Audit finds security improved at Oregon’s data center, but it still needs work
An audit published this week by the Oregon secretary of state found the state government’s data center has improved considerably on its cybersecurity practices, which had long been criticized by oversight officials. The center, managed by the Enterprise Technology Services division of the office of the chief information officer, is responsible for more than 100 of the state government’s critical systems, including state employee email, residents’ income tax returns, motor-vehicle records and files kept by dozens of state agencies.
“We acknowledge and commend the progress made to help secure the state’s computing environment,” Oregon Secretary of State Dennis Richardson said in a press release. “But since the work to secure Oregon’s data systems is never done, more improvements are needed.”
The last comprehensive audit of the data center, in 2015, faulted ETS for numerous security weaknesses that put confidential information of state workers and residents at high risk of breaches or cyberattacks.
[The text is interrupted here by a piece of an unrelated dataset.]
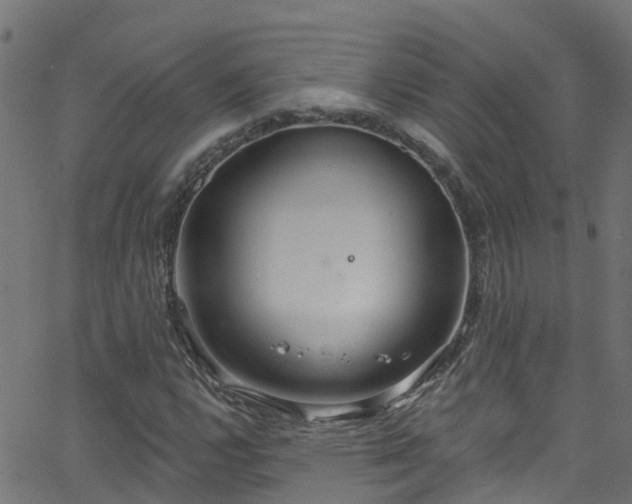 X0000068771112200605011020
That report found that the data center, which opened in 2008, was running on obsolete network equipment with out-of-date operating systems and did not maintain complete inventories of its authorized device configurations, protocols designed to raise firewalls around computing systems or update security settings.
Auditors also revealed that while day-to-day functions at the data center were typically stable, it had never fully tested itself for how it would recover from a natural or manmade disaster. A subsequent audit of governmentwide cybersecurity functions in 2016 showed that the CIO’s office, then occupied by Alex Pettit, was ill-equipped to handle the state’s cybersecurity needs because it did not effectively collaborate with other bureaus. An executive order signed by Gov. Kate Brown mandated the consolidation of cybersecurity functions under the CIO’s office. (Pettit resigned in April and moved to a role in Richardson’s office; Terrence Woods now serves as interim CIO.)
The audit released Thursday reports that the CIO’s office has made a few strides in improving the data center’s security position, while still lagging in other areas. The facility is commended for hiring more specialized cybersecurity staff to conduct regular vulnerability scans and monitor for network intrusions, as well as manage the installation of patches and other updates to the state’s Windows servers. The 2015 audit found, but did not publicly disclose that the data center was not conducting vulnerability scans at all.
While scans are conducted now, the data center still falls short on other things like incident response and the delegation of security work, the new audit continues.
“In other areas, roles are less clear or have not been sufficiently assigned,” the report states. “For example, roles should be better clarified for security incident response and for review and monitoring of privileged access membership and activities. In addition, overall information security responsibilities at the data center are not clearly defined.”
Record-keeping continues to be a problem for Oregon, too. When auditors asked the Enterprise Security Office for details about how many network alerts were tallied, they were given rough guesses.
“Staff could not provide actual numbers for the number of offenses and alerts received from the system because they are not adequately tracking activities associated with monitoring and reporting potential problems,” the audit reports. “In addition, analysts change rules periodically to eliminate or reduce false positives and improve the system’s pattern recognition abilities. However, there are no formal processes followed to ensure only needed changes are made or that changes are effective.”
The audit also finds that the data center has not implemented regular reviews of users with privileged, high-level access to state computer systems.
But one spot where the data center has made great leaps is in the age of its equipment. About 80 percent of its server and network assets is now less than five years old; in 2015, only 43 percent of the center’s equipment was that young. The data center has also phased out devices that run on unsupported operating systems.
The audit concludes with 11 recommendations, starting with a clarification of security roles and developing accurate metrics for incident monitoring. Auditors also suggest the data center’s managers review the list of privileged users and monitor their actions, which is required by a statewide security plan. It also recommends the state legislature appropriate more funds for the replacement of antiquated equipment and outdated software.